2023 State of the Tax Professionals Report: Growth

Strategic priorities for tax professionals

In 2023, as businesses are trying to reclaim some semblance of normal operations after several years of pandemic-related uncertainty, accounting firms are also rethinking their priorities to better meet customer demand and position themselves for future prosperity.

While overall goals for tax-firm owners and leaders remained consistent in the latest 2023 State of the Tax Professionals Report, efficiency reasserted its primacy as a top strategic priority, client service moved up in importance, and the search for quality talent — last year’s top priority — slipped to fourth place, behind growth.

Priorities are aggregated by the number of mentions from surveys of more than 500 tax leaders around the world and grouped by theme. Going into 2023, the conversation in accounting is a bit different than it was in 2022.

When evaluating these survey results, you should note that although the order of priorities may have changed, this doesn’t necessarily mean firms care any less about any given priority; it’s just that respondents’ primary focus may have shifted. As a practical matter, all these priorities are interrelated, and the statistical difference between the top three priorities, for example, is only a few percentage points. Although finding and developing talent did drop from the top spot to the fourth spot overall due to input from small and midsize accounting firms, the hunt for talent is still a top priority at large firms.

Indeed, firm size is a crucial factor in these findings as well. For large firms (30 or more people), recruiting, developing, and retaining high-caliber talent remains the highest priority. In contrast, midsize firms (between four and 29 people) focus more on efficiency and client service. Talent isn’t as much of an issue at small firms (one to three people), where there is more focus on client service and growth.

Priority 3: Growth

One way or another, growth will always be a top priority for tax firm leaders — although it technically dropped a spot on our overall priority list, the difference between 2022 and 2023 is statistically insignificant. Strategies for how to grow do not appear to have changed much in the past few years either.

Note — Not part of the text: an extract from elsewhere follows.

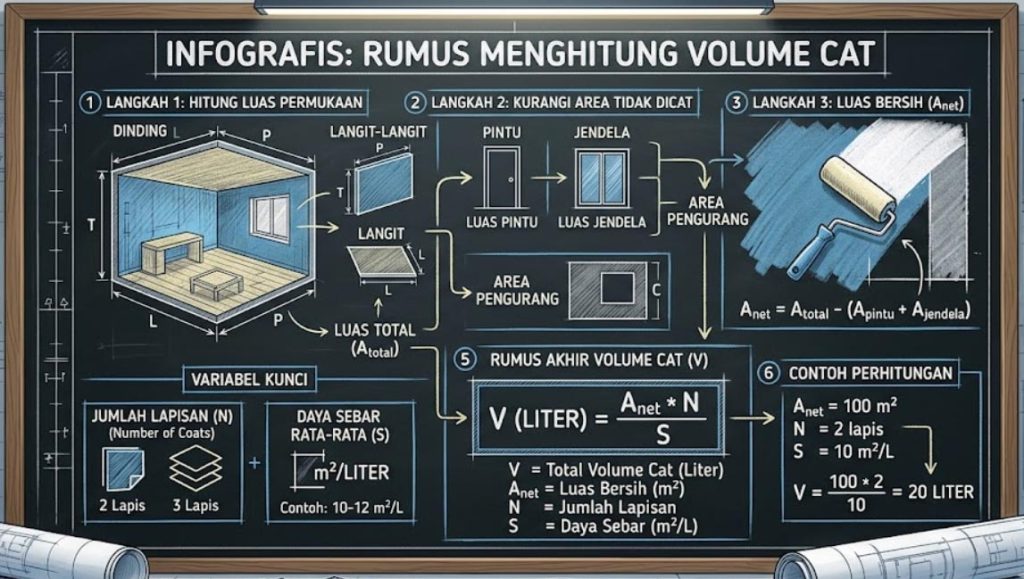 Rumus akurat cara menghitung kebutuhan cat tembok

Such strategies as expanding the firm’s client base, leveraging technology and automation, and getting more work from existing clients remain the most popular paths to growth. Other strategies — such as offering new services and acquiring another firm — are still in the mix, but in this category, more so than others, favored growth strategies differ depending on the size of the firm.

Growth strategies

For example, small and midsize firms actively pursuing a growth strategy tend to prioritize growing their client base, whereas firms with more than 30 people are more likely to prioritize getting more high-value work from existing clients. Large firms are also better positioned to fuel growth by adding staff or acquiring another firm.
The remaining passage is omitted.